Technical Analysis: Indicators
We have already covered the basics of identifying trend lines and candlestick behavior, and there are plenty of traders who use only what we have already covered to successfully trade. This would be helped by knowing some chart patterns, which we will cover later but are only a quick Google away if you‘re interested now (and Apollo has just uploaded an article on bull flags [link] which is well worth a read.
However, as we are in the middle of another FOMO season, covering some of the key indicators that might save your portfolio seems wiser. There are thousands of diverse indicators, all with legions of fans and detractors, but there are some that are known and loved by almost all traders. Today we are going to cover two of the most used ones; Relative Strength Index (RSI) and Bollinger Bands (BB).
The following example (produced using Cryptowatch instead of TV) includes both RSI and BB on the currency pair GBP/USD on an hourly timeframe. Have a look at the chart, and see if you can intuit what the two indicators can help you identify.
If you guessed that these indicators both help to spot if something is overbought or oversold, you‘d be correct. That is to say, this buying (or selling) is unsustainable, and a reversal is likely. Both indicators can give you more information than simply this, but this is a key use for both.
Indicators: Bollinger Bands
These are formed by combining a Moving Average (of the price), which is the middle line, with two standard deviations (a measure of variance) above and below that Moving Average to form the top and bottom bands .
In normal conditions, price will tend to range between the top and bottom band, sometimes using the middle line as support or resistance. This can give you useful buy and sell targets when trading. If a price is pushing against the top band, it is a sign that it might form a local top soon. This pushing can continue for a surprising amount of time, however, but if the price extends beyond the BB bands then it tends to reverse soon after.
The distance between the lines can help you judge the potential future moves, as when the price is merely ranging the BB will remain narrow, but higher volatility (wild swings up or down) will increase the width of the BB. The BB can give you a target for a so-called ‘dead cat bounce‘, which often retraces to the midline (mean reversion) after a big dump.
The angle of the bands can also be useful; with a 45-degree angle upwards showing an uptrend, a 45-degree downwards showing a downtrend, and a flat horizontal showing some general consolidation. Using just the BB on this timeframe in the above example we can see that, despite the volatility, there is no clear trend yet.
Relative Strength Index (RSI)
This momentum indicator uses the gain and loss of the last 14 periods to give a number between 1 to 100  , where a number below 30 denotes oversold, and a number over 70 shows overbought. Whilst these levels are less valid in stronger trends (it can stay overbought for a long time in full FOMO season), they are important enough that most charting services will highlight them when they exceed the levels.

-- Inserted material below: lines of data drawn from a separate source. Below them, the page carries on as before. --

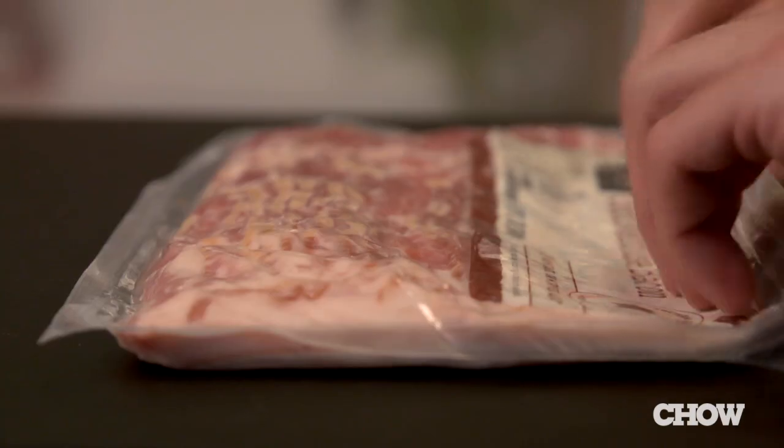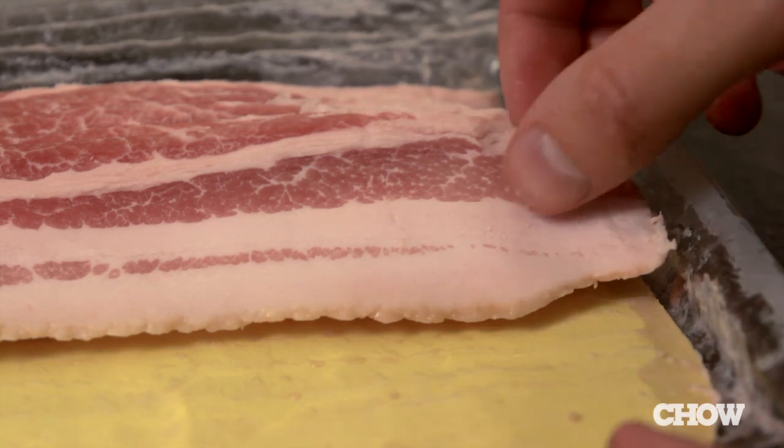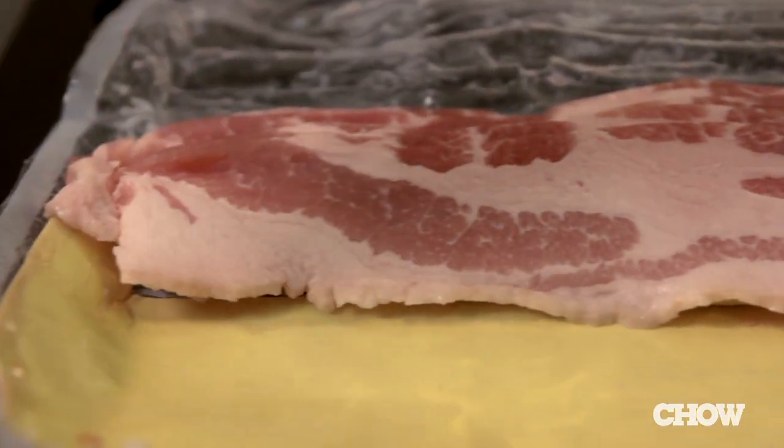Here's how you can prevent that from happening. Just roll the package up before you open it. Now you have perfectly separated slices that any bacon fan can appreciate.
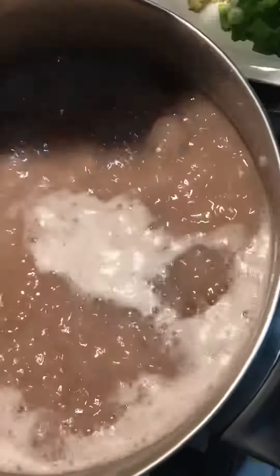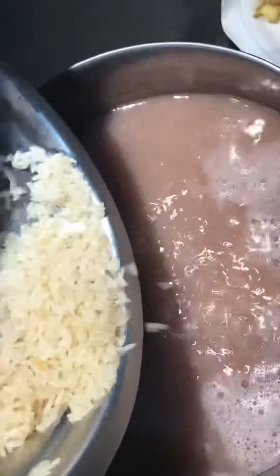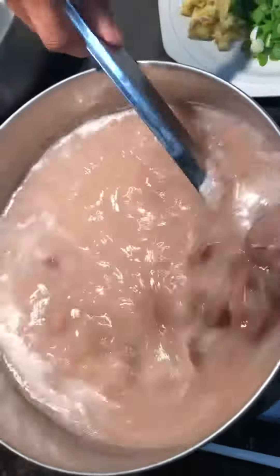The beef, the beans and coconut milk. Now I'm going to add lebrang rice, already washed. Stir it, make sure it doesn't stick to the bottom.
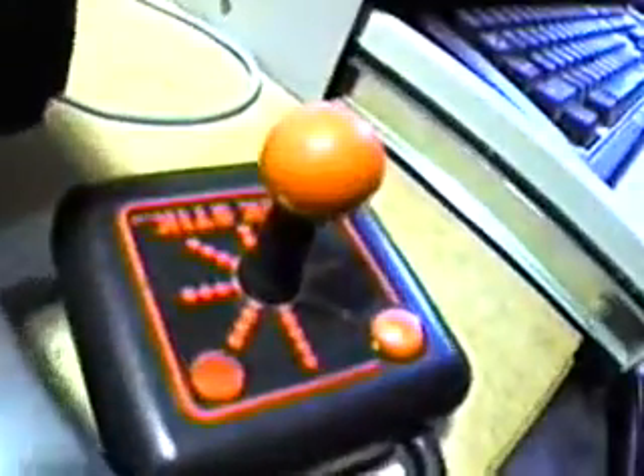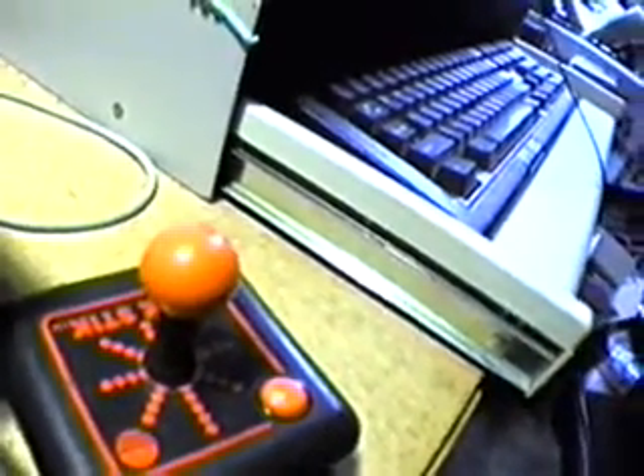Before I do another TI-99/4A video, maybe I should do a little public service announcement. I hear people say that joysticks don't work on these things. There's a joystick port on the side — but it's a splitter for two joysticks. You can plug one in but it's not going to work. You need this little splitter, and then you use a standard Commodore or Atari joystick — in this case a Slick Stick.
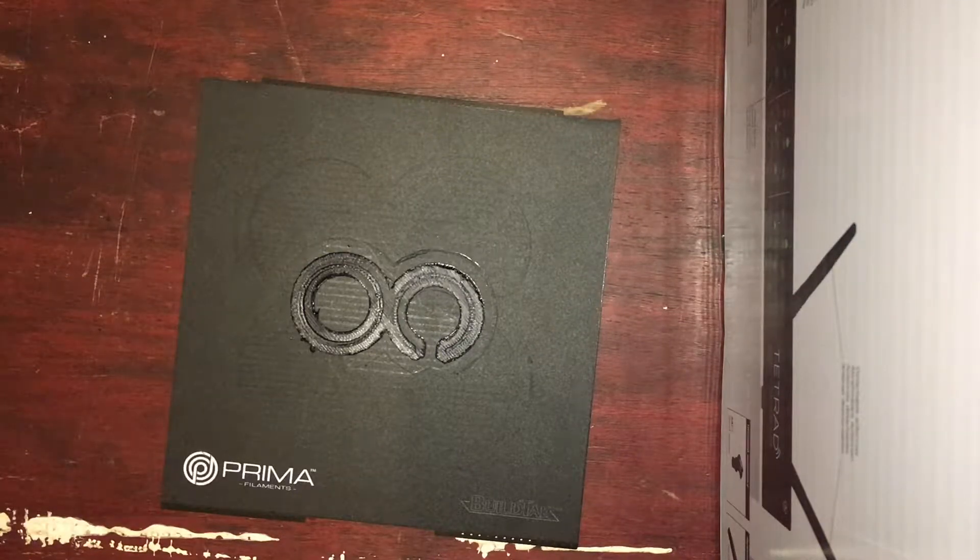Hello everyone. I decided to do a quick 3D printing based video today. I've just printed for the first time using ABS plastic. Normally I use PLA, just because that's what came with the printer I've got, which is a Vector3 — it was part of a magazine subscription to build it. It's been fairly reliable; I've done quite a few prints in it now. But today I decided to use ABS for the first time.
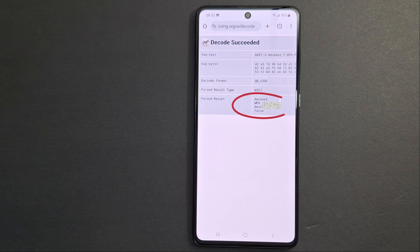That's how to easily find the Wi-Fi password. I hope this video is useful. Please subscribe if it's the first time you're watching my videos, like the video, and see you in the next one.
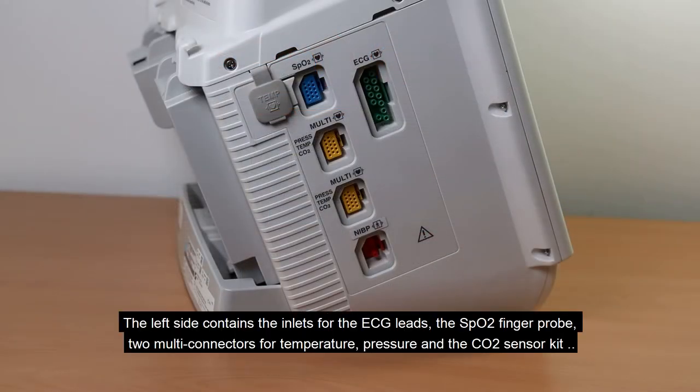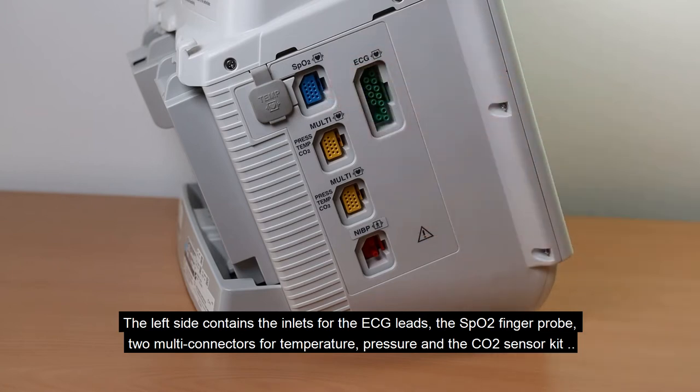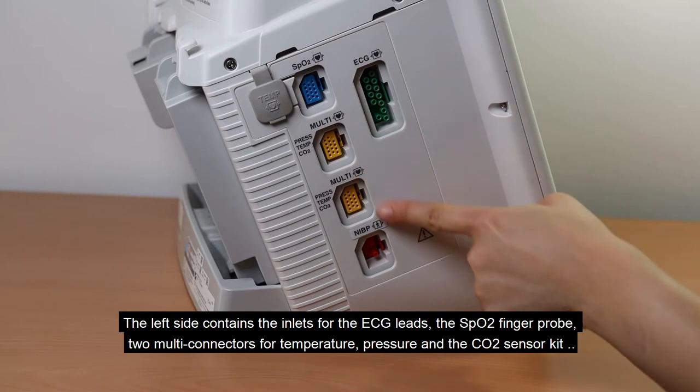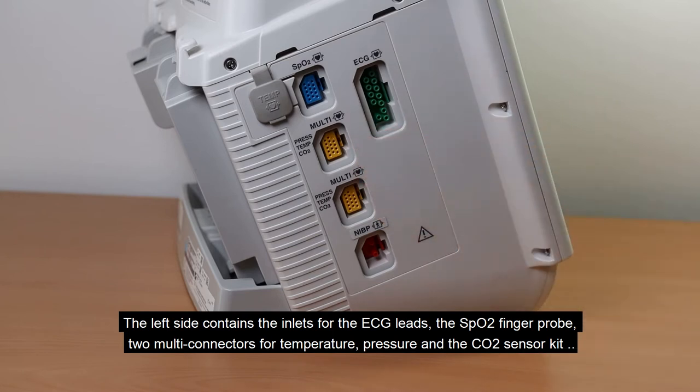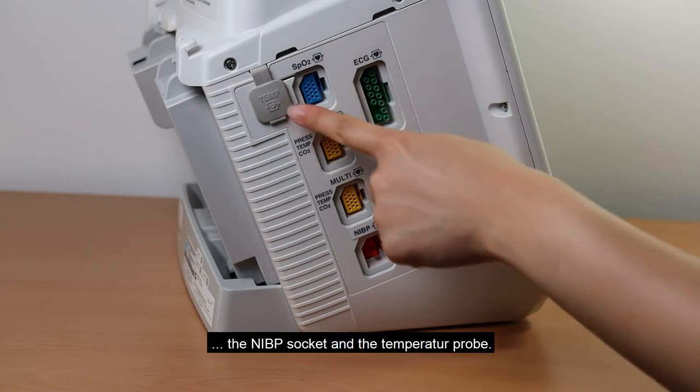The left side contains the inlets for the ECG leads, the SpO2 finger probe, two multi-connectors for temperature, pressure, and the CO2 sensor kit, the NIBP socket, and the temperature probe.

In our example above, you can see that the blue RSI line turned to white at the bottom of the first dump to 1.235 (when RSI was below 30), and also at the peak a day later at 1.246 (when RSI was above 70). Apparently a 0.8% move in Forex is quite exciting… In digital assets you would expect to see far bigger moves for such RSI responses, but the example still demonstrates the principle well.
Now, the RSI is a handy tool to time entries and exits, or at the very least to prevent bad entries and exits. It is seldom a good idea to buy a wildly overbought thing, for instance (but often a good idea to sell some). However, as noted it can be less reliable in a strong trend, where a strongly bullish asset could, for instance, spend a long time in the ‘deeply overbought‘ region whilst still having plenty of momentum left to push higher. In such cases, a pullback is also unlikely to reach oversold territories before continuing with the bullish trend.
But lastly, the thing that makes RSI such an important indicator to add to your toolbox – divergences. These, as the name suggests, are periods when the price and RSI diverge from one another. In normal circumstances, RSI should track price closely, with new highs in price also showing as new highs in the RSI. This shows a change in momentum before it is reflected in the price, giving you an early warning that the trend is liable to reverse. The following diagram shows the main divergences to keep an eye out for.
Although exaggerated to help convey the concept, they do often look as pronounced as this when encountered in the wild. Also, the key difference between regular and hidden divergence is when they occur. Regular divergence tends to show up following a strong sustained trend (such as marking the end of a month-long pump), whilst Hidden divergence tends to show the end of consolidation phases [source].
And just to show another timely example, here is the current BTC-USDT chart with a couple of divergences added. Let‘s see how this plays out.
With both of these indicators, care must be taken to use these in combination with other signals. They are also, depending on your time horizon and trading style, most reliable on higher timeframes. If you use these to time an entry or exit from a swing trade you will probably be most satisfied using the daily or higher timeframes. Bitcoin being oversold on the weekly might be a generational buying opportunity, whereas it being oversold on the 30-minute is what is commonly known as ‘Tuesday lunchtime‘.